The meaning of «council of people's commissars of the russian soviet federative socialist republic»

The Council of People's Commissars of the Russian Soviet Federative Socialist Republic was the government of Soviet Russia in 1917–1946. It was established by the Second All-Russian Congress of Soviets of Workers', Soldiers', and Peasants' Deputies on November 7, 1917 "as an interim workers' and peasants' government" under the name of the Council of People's Commissars,[1] which was used before the adoption of the Constitution of the Russian Socialist Federative Soviet Republic of 1918.

Since 1918, the formation of the Council of People's Commissars of the Russian Socialist Federative Soviet Republic was the prerogative of the All-Russian Central Executive Committee,[2] and since 1937, the Supreme Council of the Russian Soviet Federative Socialist Republic.
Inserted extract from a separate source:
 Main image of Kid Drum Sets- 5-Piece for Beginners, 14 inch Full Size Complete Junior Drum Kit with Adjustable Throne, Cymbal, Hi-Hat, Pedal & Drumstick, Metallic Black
The Council of People's Commissars of the Russian Soviet Federative Socialist Republic was formed from the people's commissars – the leaders of the People's Commissariats of Soviet Russia – headed by the chairman of the Council of People's Commissars of the Russian Soviet Federative Socialist Republic. Similar Councils of People's Commissars were created in other Soviet republics.

By the law of the Soviet Union of March 15, 1946[3] and the Decree of the Presidium of the Supreme Council of the Russian Soviet Federative Socialist Republic of March 23 of the same year,[4] the Council of People's Commissars of the Russian Soviet Federative Socialist Republic was transformed into the Council of Ministers of the Russian Soviet Federative Socialist Republic.

In his memoirs, Leon Trotsky ascribes the name "Council of People's Commissars" to himself.[5] According to the memoirs of Vladimir Milyutin, the name "People's Commissar" was proposed by Trotsky, and Kamenev proposed the government as the "Council of People's Commissars". Some have also claimed that the authorship of the term was first coined by Vladimir Antonov-Ovseyenko.[6]

At the same time, from Lenin's notes written no later than October 25, 1917:

"Immediate creation... of a commission of people's commissars... (ministers and comrades of the minister)".

It follows that the name "commissars" (etymologically "the heads of commissions"), as a replacement for the term "ministers", even earlier appeared in the outline of the organization of a new apparatus of government of the future head of the Council of People's Commissars. In the same document, it was planned to create other central government bodies in the rank of commissions (commissions of a revolutionary order, commissions of legislative assumptions, and a number of commissions in various branches of the state life of the country).[7]

Immediately before the seizure of power on the day of the revolution, the Central Committee of the Bolsheviks instructed Kamenev and Berzin to make political contact with the Left Socialist Revolutionaries and begin negotiations with them on the composition of the future government. During the work of the Second Congress of Soviets, the Bolsheviks proposed that the Left Socialist Revolutionaries enter the government, but they refused. The factions of the Right Socialist Revolutionaries and Mensheviks left the Second Congress of Soviets at the very beginning of its work – before the formation of the government. The Bolsheviks were forced to form a one-party government.[8]